Рубакин Николай Александрович. Хрестоматия
Шрифт:
Надо всем этим людям эту силу теперь же дать или, по крайнее мере, давать, давать и давать самым энергичным образом. ‹…› Необходимо распространять и распространять не только книги, но и знание о книгах – и о методах их распространения, о их производстве, круговращении, распределении, о их чтении. Нужно дать знания и о тех способах, с помощью которых каждый человек действительно может отыскать по любому вопросу, интересующему его в данное время, такую книгу, которая «именно ему даст то, что нужно ему»…‹…›
‹…› Теперь всякий может найти такую книгу, которая действительно захватит его душу, возбудит его мысль и даст ему действительно ценное, обширное, научное, достоверное знание и понимание, поскольку это уже сделалось достоянием современной науки и литературы. «Есть, словно для вас лично приготовленная, такая книга – ищите! Найдите ее и прочтите – и сделаетесь от этого не только просвещеннее, но и сильнее».
Но как ее находить, эту книгу, эту самую нужную, самую подходящую для данного читателя, в данный момент, в данной обстановке его личной, а также общественной и исторической жизни? И где искать-то? И какими методами, приемами и способами? Вот вопросы, которые подлежат подробному и возможно точному
В этом нашем труде мы ставим себе нижеследующие задачи:
Во-первых, помочь читателям и всем работникам книжного дела в их знакомстве с общей наличностью русских книжных богатств.
Во-вторых, помочь их знакомству с распределением этих книжных богатств по разным отраслям знания.
В-третьих, помочь знакомству их с книжными богатствами в каждой отрасли знания в отдельности и освещающими каждую область жизни.
В-четвертых, познакомить, хотя бы в самых общих, основных чертах, с распределением этих богатств в пространстве и времени, т. е. по странам и по эпохам, по национальностям, их создававшим, и по историческим периодам, с которыми совпало это созидание.
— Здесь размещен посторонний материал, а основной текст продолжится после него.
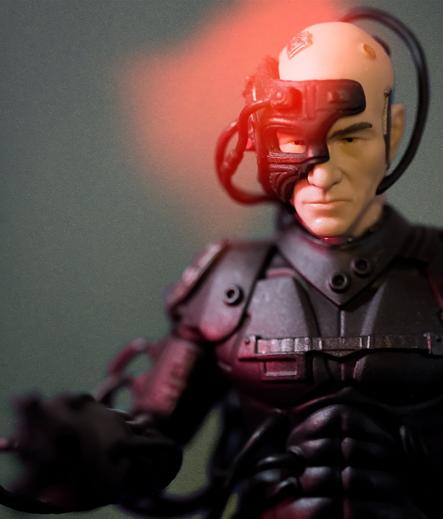 Miniature of Captain Jean Luc Picard dressed as the Borg from the 2-part episode where he was briefly assimilated.

Edited to create a red glow centered around the fixture they installed on his head.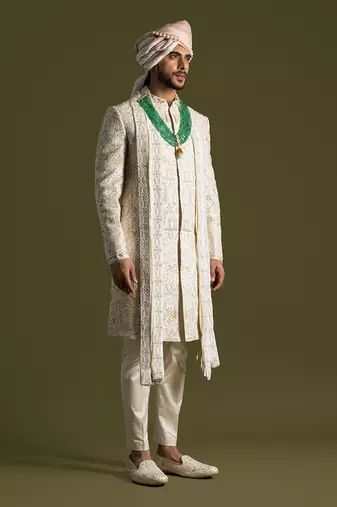 Cream raw silk embroidered sherwani set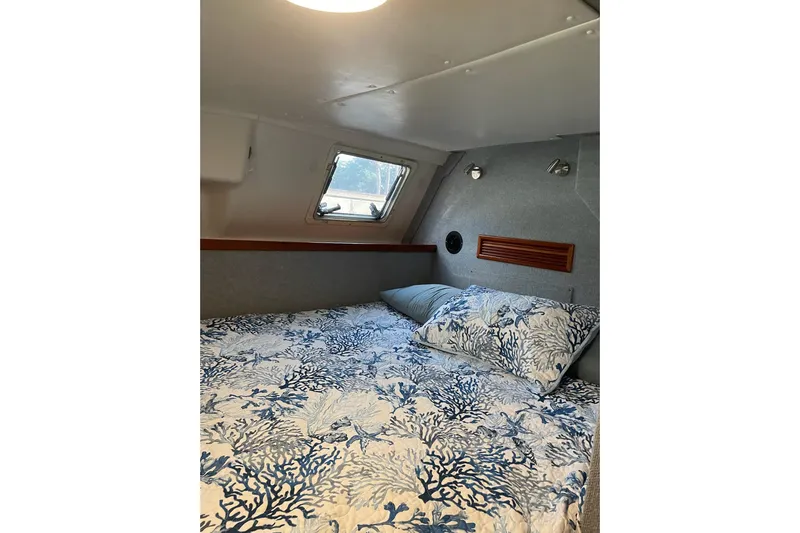 On The Fly Yacht Photos Pics Cozy cabin interior of 2005 PDQ 34 Power Catamaran with nautical-themed bedding.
В-пятых, помочь внутренней идейной оценке этих богатств с исторической точки зрения, с точки зрения истории научно-философских и литературно-общественных идей, находящих в этих книжных богатствах свое отражение и выражение.
В-шестых, помочь знакомству, тоже хотя бы в самых общих чертах, с наиболее выдающимися произведениями и литературными именами в каждой отдельной области, с наиболее известными авторами, работающими в данной отрасли литературы и науки и, по возможности, с их теориями, по крайней мере главнейшими из них, излагая эти последние цитатами из их собственных произведений.
В-седьмых, познакомить с распределением книжных богатств по кругам читателей, по основным типам их.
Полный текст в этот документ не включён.